THE VERDICT: Disney’s Beauty and the Beast: A Board Game Adventure has some minigames that are decent or even downright good, but you’ll soon come to dread even the best of them as the awful game boards force them all to be constantly repeated. Too slow to roll out new minigame designs and with straightforward boards that are too rigid to bypass incessant replays of simplistic games, the board game structure ensures that you’ll grow sick of the elements that could have worked and having lucky rolls be such a factor in success only guarantees an even more tedious time if you have to restart thanks to the die working against you. While the adventure mode is thankfully short, it is still somehow able to feel obnoxiously long thanks to the rehashed and quickly staled content.

 

And so, I give Disney’s Beauty and the Beast: A Board Game Adventure for Game Boy Color…

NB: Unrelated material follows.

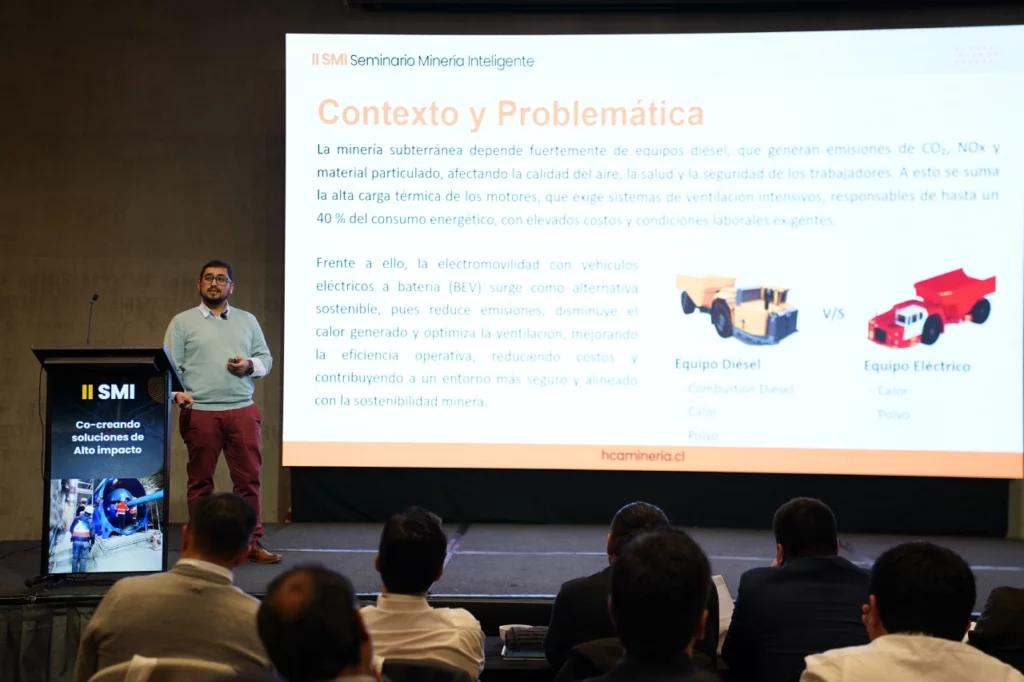 Presentación en Seminario Minería Inteligente (SMI): Co-creando Soluciones de Alto Impacto.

A TERRIBLE rating. While this game could have justified its strange existence if it played well or felt inspired, this board game adventure is made all the more baffling by how cheap and strained its design is. Some of the minigames do at least seem directly inspired by the movie like Lumiere’s design being perfect for the drop catching game, but the fact some are as basic as Memory make the game feel padded even though it hardly has any minigames at all. It constantly thrusts the same few activities in your face that don’t have the substance or variety built in to make their repeated showings anything more than a chore, one necessary to outpace Gaston’s unfair advantage. It almost has the simplicity of Candy Land where you can just speed through the board game even though its shallow, but this Beauty and the Beast game decided to incorporate some skill challenges as well but has too few to make the straightforward design any more exciting, actually hurting it instead. I am sure this game was blindly recommended for children due to the low standards we set for young people’s entertainment, but it’s hard to imagine them enjoying the repeated visits to minigames with so little substance, and they’ll likely find Gaston far more frustrating since they won’t have the reliable reflexes to make the more interesting games work for them.

 

Disney’s Beauty and the Beast: A Board Game Adventure is a weird end to the brief look at games based on a hit animated film, but it seems to continue the trend of poorly adapting the motion picture into the video game medium. While I couldn’t play every adaptation, it is funny that Magical Ballroom came out the best of the ones looked at, its unambitious design perhaps saving it from the pitfalls many of these Beauty and the Beast games faced. Here, an attempt to make a digital board game went awry when it seems the development team had very few ideas that could tie to the concept or the brand being used, leaving with us an unfortunate sendoff to what could have been a celebration of one of Disney’s finest animated movies.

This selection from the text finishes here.